本会はIEEE(米国電気電子学会)の後援のもとで開催されており、太陽エネルギーの研究、開発、技術応用に関わる研究者、技術者、産業界の専門家が世界中から集まる歴史のある国際会議である。本年はアメリカ国外で開催となったため、現地参加できない者のために対面・オンラインのハイブリッド形式で行われた。5日間の間、一般のセッションに加えて、基調講演やチュートリアルセッションが開催された。また、企業や研究機関の展示ブースも併設されるなど規模も大きい。口頭発表は225件、ポスター発表は336件で、80%が直接会場で、20%がオンラインで行われた。

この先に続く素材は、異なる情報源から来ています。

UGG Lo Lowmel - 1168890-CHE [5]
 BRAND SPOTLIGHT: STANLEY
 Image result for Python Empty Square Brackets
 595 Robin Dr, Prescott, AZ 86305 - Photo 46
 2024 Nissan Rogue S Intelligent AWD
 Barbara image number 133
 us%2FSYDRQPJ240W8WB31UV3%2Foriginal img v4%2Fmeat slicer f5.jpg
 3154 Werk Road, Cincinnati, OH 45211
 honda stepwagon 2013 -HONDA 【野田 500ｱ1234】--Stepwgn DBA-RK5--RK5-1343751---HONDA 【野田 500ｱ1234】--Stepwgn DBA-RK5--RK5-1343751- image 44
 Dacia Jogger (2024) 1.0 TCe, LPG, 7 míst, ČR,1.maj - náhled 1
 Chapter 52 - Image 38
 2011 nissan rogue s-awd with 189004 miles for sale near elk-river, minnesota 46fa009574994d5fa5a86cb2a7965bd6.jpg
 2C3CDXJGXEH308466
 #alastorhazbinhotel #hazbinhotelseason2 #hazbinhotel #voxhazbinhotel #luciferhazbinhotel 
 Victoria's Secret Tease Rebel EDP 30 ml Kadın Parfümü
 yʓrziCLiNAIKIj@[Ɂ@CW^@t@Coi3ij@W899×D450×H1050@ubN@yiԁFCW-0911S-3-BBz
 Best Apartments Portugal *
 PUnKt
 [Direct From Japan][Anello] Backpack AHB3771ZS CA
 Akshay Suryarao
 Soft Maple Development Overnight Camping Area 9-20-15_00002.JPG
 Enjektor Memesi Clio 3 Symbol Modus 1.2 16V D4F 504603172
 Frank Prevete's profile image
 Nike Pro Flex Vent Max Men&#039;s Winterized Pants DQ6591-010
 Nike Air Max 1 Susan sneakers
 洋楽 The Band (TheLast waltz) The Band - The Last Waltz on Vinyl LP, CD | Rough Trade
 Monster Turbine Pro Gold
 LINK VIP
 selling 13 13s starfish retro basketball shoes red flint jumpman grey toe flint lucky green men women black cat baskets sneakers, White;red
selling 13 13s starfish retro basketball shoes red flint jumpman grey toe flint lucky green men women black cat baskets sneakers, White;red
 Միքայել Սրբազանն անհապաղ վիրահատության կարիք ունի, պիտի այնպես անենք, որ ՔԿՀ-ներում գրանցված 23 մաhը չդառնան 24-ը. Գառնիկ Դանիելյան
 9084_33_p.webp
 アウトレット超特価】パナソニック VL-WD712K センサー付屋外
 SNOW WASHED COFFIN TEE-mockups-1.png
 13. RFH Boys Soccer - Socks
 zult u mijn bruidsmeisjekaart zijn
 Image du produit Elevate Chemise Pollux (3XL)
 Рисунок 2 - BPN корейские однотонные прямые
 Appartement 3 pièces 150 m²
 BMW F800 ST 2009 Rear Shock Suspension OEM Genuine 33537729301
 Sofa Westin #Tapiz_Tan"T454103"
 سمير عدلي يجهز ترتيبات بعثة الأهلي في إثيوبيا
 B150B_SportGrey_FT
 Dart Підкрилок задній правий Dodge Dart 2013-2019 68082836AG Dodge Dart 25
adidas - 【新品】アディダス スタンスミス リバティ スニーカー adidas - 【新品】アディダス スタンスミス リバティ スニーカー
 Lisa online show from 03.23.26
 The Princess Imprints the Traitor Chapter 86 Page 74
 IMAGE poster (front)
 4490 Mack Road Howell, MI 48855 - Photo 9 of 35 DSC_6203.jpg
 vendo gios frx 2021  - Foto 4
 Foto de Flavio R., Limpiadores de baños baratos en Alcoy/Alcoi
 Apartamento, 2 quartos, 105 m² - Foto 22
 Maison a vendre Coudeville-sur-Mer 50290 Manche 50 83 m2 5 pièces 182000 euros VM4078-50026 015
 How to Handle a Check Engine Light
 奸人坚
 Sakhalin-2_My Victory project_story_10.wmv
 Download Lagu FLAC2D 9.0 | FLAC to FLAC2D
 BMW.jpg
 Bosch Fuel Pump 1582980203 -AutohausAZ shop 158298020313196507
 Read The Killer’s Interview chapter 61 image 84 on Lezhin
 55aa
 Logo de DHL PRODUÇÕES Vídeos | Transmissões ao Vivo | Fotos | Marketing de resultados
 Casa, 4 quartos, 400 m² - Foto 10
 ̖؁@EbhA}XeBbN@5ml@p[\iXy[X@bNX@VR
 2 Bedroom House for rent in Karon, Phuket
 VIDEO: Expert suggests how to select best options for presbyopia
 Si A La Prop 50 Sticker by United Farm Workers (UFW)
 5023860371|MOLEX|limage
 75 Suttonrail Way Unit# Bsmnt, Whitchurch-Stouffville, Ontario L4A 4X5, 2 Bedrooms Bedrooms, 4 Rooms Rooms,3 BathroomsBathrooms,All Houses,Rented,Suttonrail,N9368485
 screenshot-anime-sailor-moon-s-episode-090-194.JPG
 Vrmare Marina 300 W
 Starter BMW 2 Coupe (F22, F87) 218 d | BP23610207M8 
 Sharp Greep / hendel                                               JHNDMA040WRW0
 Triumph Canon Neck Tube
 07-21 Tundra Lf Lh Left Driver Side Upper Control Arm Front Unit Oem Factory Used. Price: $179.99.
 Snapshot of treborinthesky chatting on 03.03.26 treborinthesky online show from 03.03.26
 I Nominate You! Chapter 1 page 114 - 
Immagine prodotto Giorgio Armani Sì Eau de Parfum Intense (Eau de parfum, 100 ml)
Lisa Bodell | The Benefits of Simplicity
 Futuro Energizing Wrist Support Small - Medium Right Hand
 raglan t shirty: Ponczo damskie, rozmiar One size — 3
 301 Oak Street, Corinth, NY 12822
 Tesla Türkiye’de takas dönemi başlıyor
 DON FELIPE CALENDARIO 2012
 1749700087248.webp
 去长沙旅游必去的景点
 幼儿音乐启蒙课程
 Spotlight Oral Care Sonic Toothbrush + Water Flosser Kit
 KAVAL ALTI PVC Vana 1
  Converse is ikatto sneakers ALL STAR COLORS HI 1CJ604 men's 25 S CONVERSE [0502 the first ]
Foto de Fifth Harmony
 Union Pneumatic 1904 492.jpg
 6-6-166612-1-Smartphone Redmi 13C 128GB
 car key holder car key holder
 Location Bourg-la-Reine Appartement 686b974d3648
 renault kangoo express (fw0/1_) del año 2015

高度な情報社会の実現に向けて、高い変換効率と汎用性を持つ太陽電池が望まれている。
多接合太陽電池は高い変換効率を持つものの、基板として用いる単結晶ゲルマニウム(Ge)のコストが高い。そこで、ガラスやプラスチックなどの汎用基板上に多結晶Ge膜を合成して、単結晶基板の代用とすることが検討されている。しかし、従来の多結晶膜では高密度の粒界と多数のアクセプタ型欠陥が光励起キャリアを散乱・消滅させるため、基礎的な性能指標である「分光感度(出力電流/照射光強度)」が得られた例すらなかった。特に光吸収に望ましい厚い膜(≥ 500 nm)では、結晶粒径が矮小化する傾向にあり、粒界密度が高くなる。
候補者は、従来の結晶成長技術を改良して、大粒径薄膜(50 nm)の合成とそれを種結晶層としたエピタキシャル成長という二段階の成長を考案した。このようにして、ガラスやプラスチック上において太陽電池応用に望ましい厚い膜(500 nm)でありながら、大きな結晶粒径を持つ多結晶Ge膜を合成した。その結果、粒界密度とアクセプタ欠陥をそれぞれ1/10以下にまで低減させて、光励起キャリアの取り出しに成功した。特に、プラスチックのようなフレキシブル基板において、Geの分光感度の実証は史上初である。候補者はさらに、欠陥を低減させるためのポストアニール処理や水素プラズマ処理、光吸収量を増大させるための厚膜合成(≥ 1 μm)を行うことで、分光感度を約10倍向上させている。
本研究は多接合太陽電池の汎用化と低コスト化に大きく資する成果である。
本会議は12のエリアからなり、各分野の最先端の研究発表が行われる。学生は各エリアで専門家に混じって発表を行う。特に口頭発表に関しては、事前に提出されたアブストラクトの中から審査されて数名選ばれるという狭き門である。私は、「Innovative architectures for next generation PV」というエリアでの口頭発表を行なった。その結果、Student awardの最終候補者(上位数名)にも選出された。発表では滞りなく説明することができたうえに、質疑においても活発に議論を交わすことができた。発表の後に、わざわざ声をかけていただくこともあり、そこでお互いの研究について話すことができたのは貴重な経験になった。
自身の発表だけでなく世界中の研究者の発表を見る機会があった。中でも太陽電池のデバイス構造に関する研究は興味深かった。これまで、材料に注目して、いかにより良いデバイス性能を実証するかということを目標にしてきた。しかし、その材料のポテンシャルを最大限に発揮できるようなデバイスの構造があるということを痛感させられた。
以上のように、自身の発表で世界中の研究者と議論できたこと、多くの研究者の発表から自身の研究にフィードバックできたことは、非常に良い機会となった。
今回の有意義な国際会議に参加するための海外渡航に助成いただいた一般財団法人丸文財団に深くお礼申し上げます。